What needs to be done — No pictures belong in the result; set down exactly the lines from the one containing "CHECK THROTTLE POSITION SENSOR" through the final line of the listing, and nothing more.

Stored data —
════════
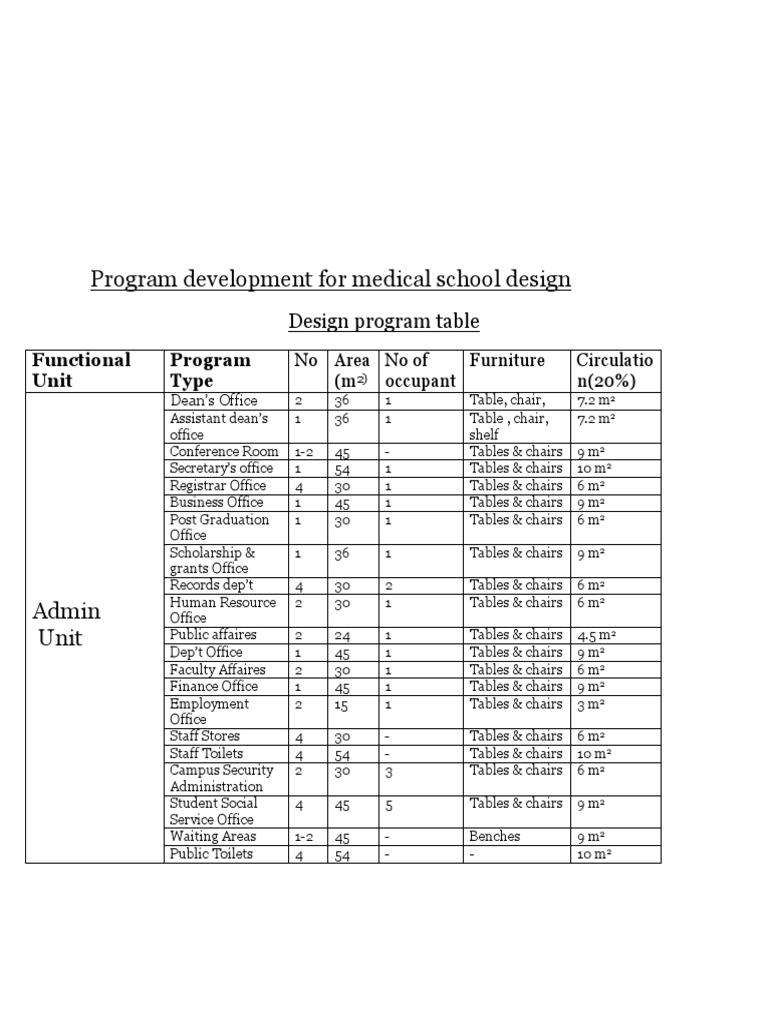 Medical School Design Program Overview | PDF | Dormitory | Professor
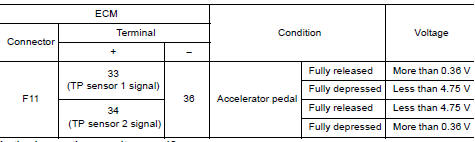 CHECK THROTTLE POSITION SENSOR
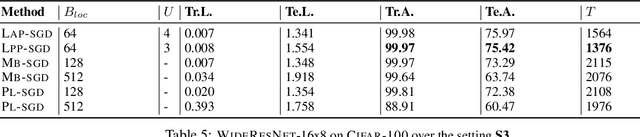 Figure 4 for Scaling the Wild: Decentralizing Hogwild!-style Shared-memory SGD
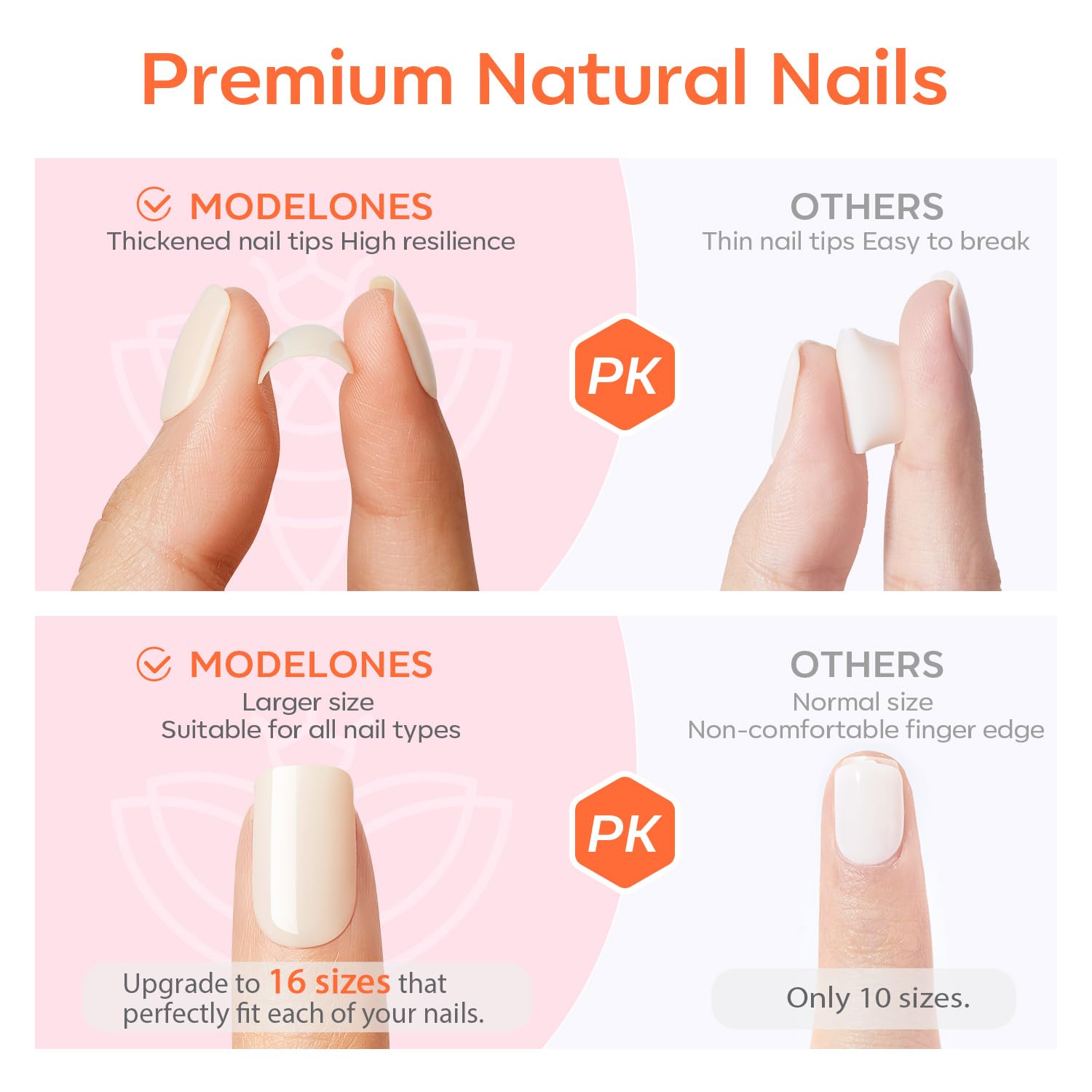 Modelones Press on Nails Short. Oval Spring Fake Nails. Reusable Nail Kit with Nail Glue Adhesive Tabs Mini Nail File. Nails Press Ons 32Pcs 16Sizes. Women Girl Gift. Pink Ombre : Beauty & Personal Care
════════
Solution to the exercise —
 CHECK THROTTLE POSITION SENSOR
 Figure 4 for Scaling the Wild: Decentralizing Hogwild!-style Shared-memory SGD
 Modelones Press on Nails Short. Oval Spring Fake Nails. Reusable Nail Kit with Nail Glue Adhesive Tabs Mini Nail File. Nails Press Ons 32Pcs 16Sizes. Women Girl Gift. Pink Ombre : Beauty & Personal Care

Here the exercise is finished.